PROBLEM DETAILS: In your copy, leave out the pictures and reproduce the listing below exactly.

- Opening Delimiter -

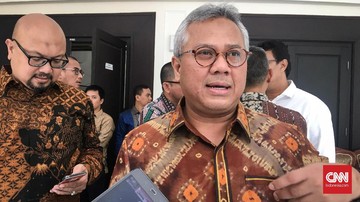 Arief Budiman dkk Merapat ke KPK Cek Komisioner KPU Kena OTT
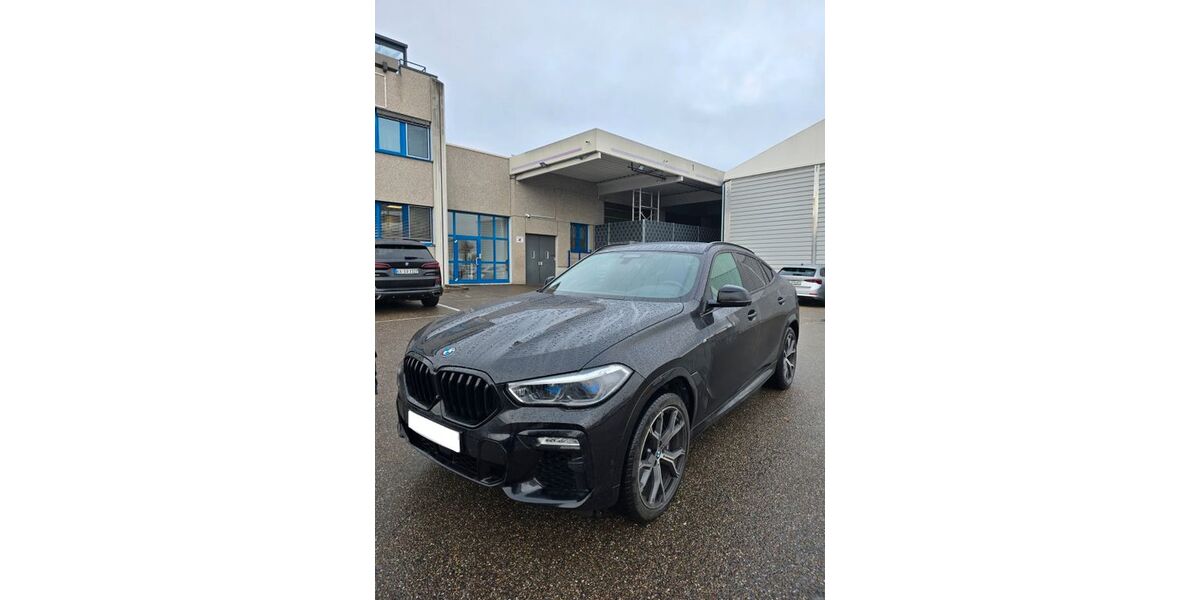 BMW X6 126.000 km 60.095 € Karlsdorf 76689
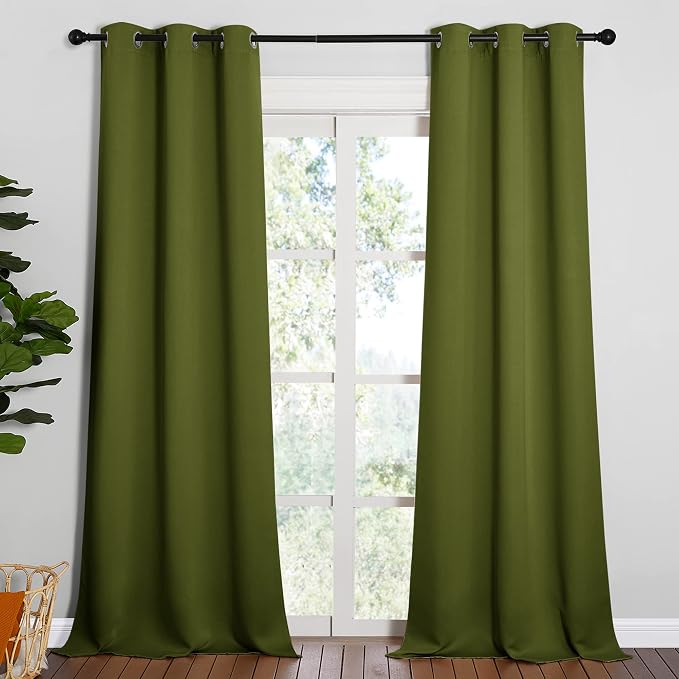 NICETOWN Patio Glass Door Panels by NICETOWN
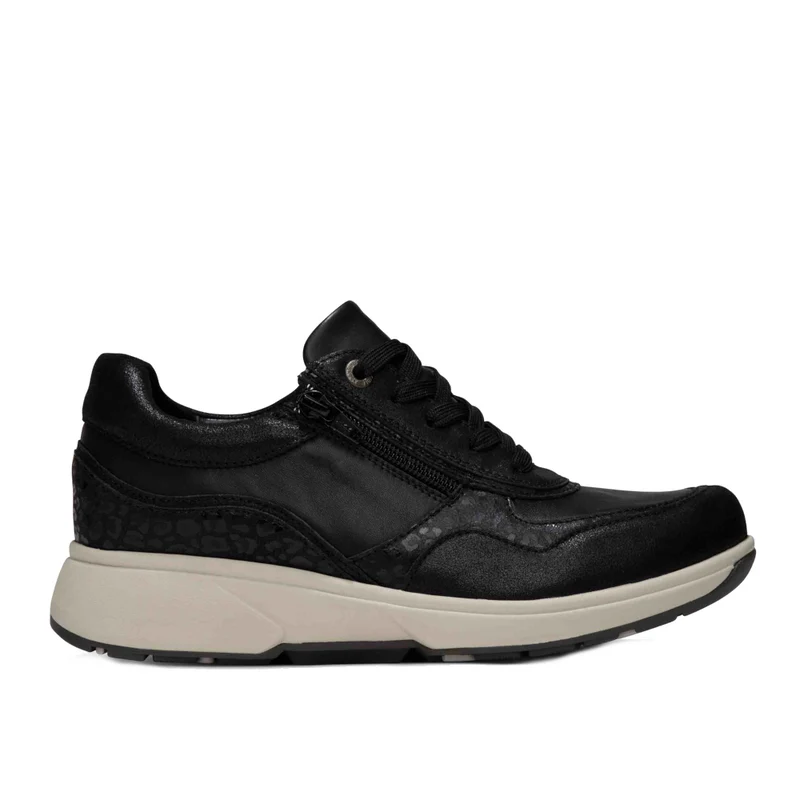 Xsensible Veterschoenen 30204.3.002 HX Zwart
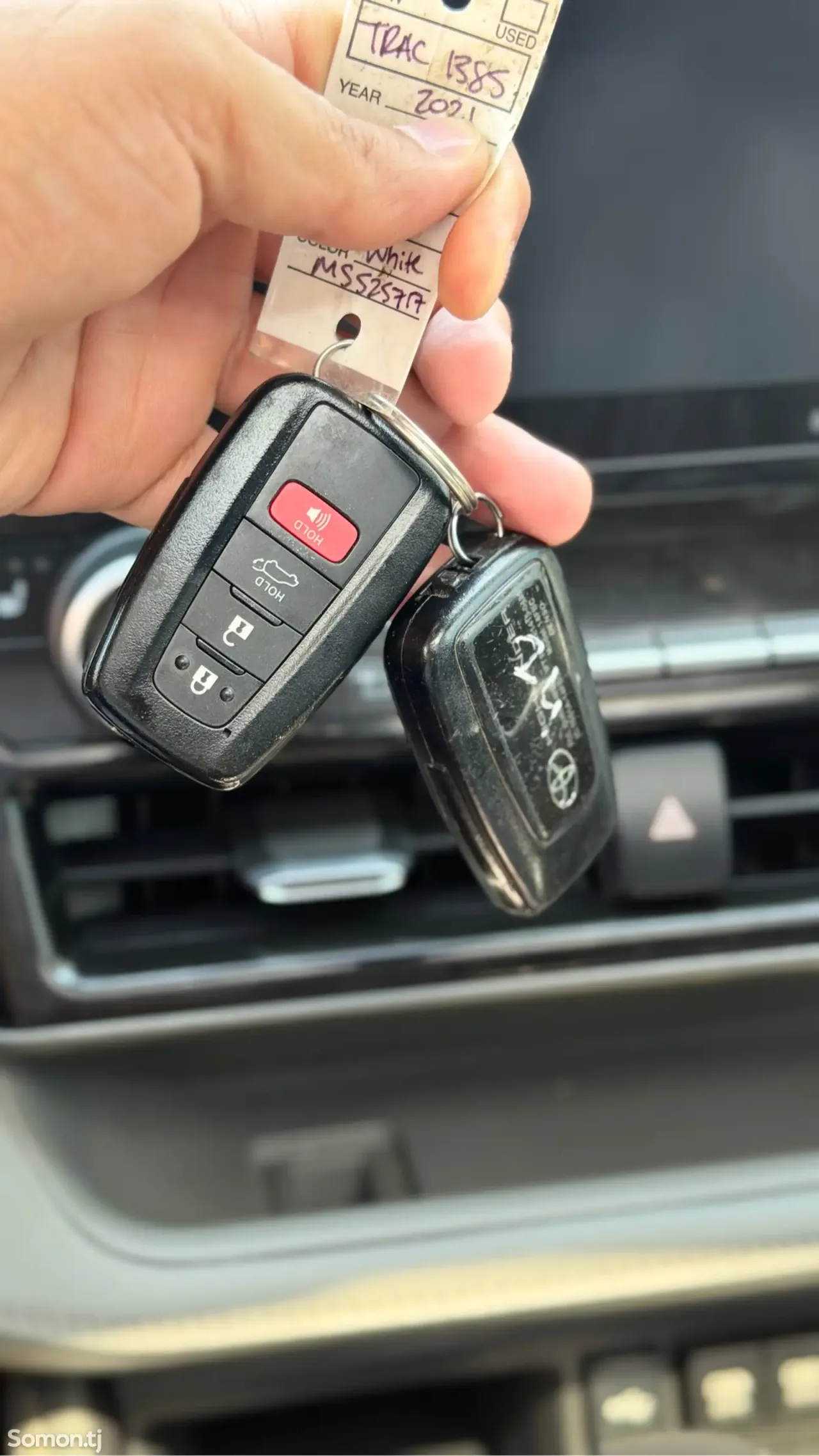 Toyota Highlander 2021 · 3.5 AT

- Closing Delimiter -

SOLUTION:
 Arief Budiman dkk Merapat ke KPK Cek Komisioner KPU Kena OTT
 BMW X6 126.000 km 60.095 € Karlsdorf 76689
 NICETOWN Patio Glass Door Panels by NICETOWN
 Xsensible Veterschoenen 30204.3.002 HX Zwart
 Toyota Highlander 2021 · 3.5 AT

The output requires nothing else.